# hey guys quick question



## Guest (Nov 22, 2007)

im really looking for a pair of snowboard pants not too baggy but not to tight that would be really warm...i have the hardest time up on the lifts when my ass is freezing and when my pants are seeping water through them YIKES!!! i just want a really warm pair of snowboard pants, any suggestions!!!???


----------



## alaric (Aug 28, 2007)

Look into Sessions and 686. IMO, two of the best outerwear brands out there


----------



## PaoloSmythe (Aug 19, 2007)

what is your thigh diameter and inside leg measurement.......

with respect...it is one thing to ask, 'what length board should i get?' but this is getting rekonkulous!

just go to the shop and try em on. 

as for the soggy bum.... well check the numbers on the clothes..... 

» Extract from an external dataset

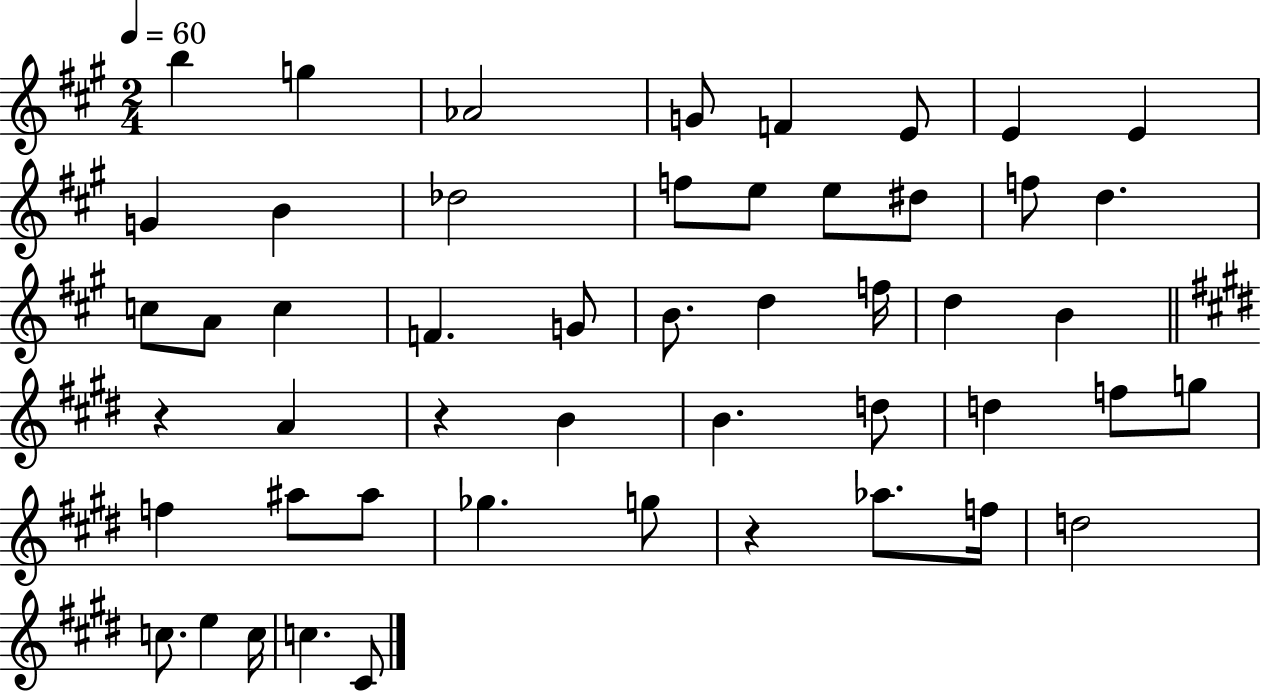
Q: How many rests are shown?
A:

you suffer either sweaty buttocks, or simply you are one of those lame-o wannabe sliders who spends most of their time sat in the middle of piste, so you can wind up the skiers! :cheeky:


----------



## Flick Montana (Jul 9, 2007)

Given the vast amount of snowboarding pants available, I can't say any is better than another, but I can say that I own some Quicksilver pants and they keep me warm and dry.


----------



## mitsikitty (May 8, 2018)

Gortex or similar is your friend. 😉


----------



## Manicmouse (Apr 7, 2014)

Ah 2007, a classic year for dry but warm outerwear.


----------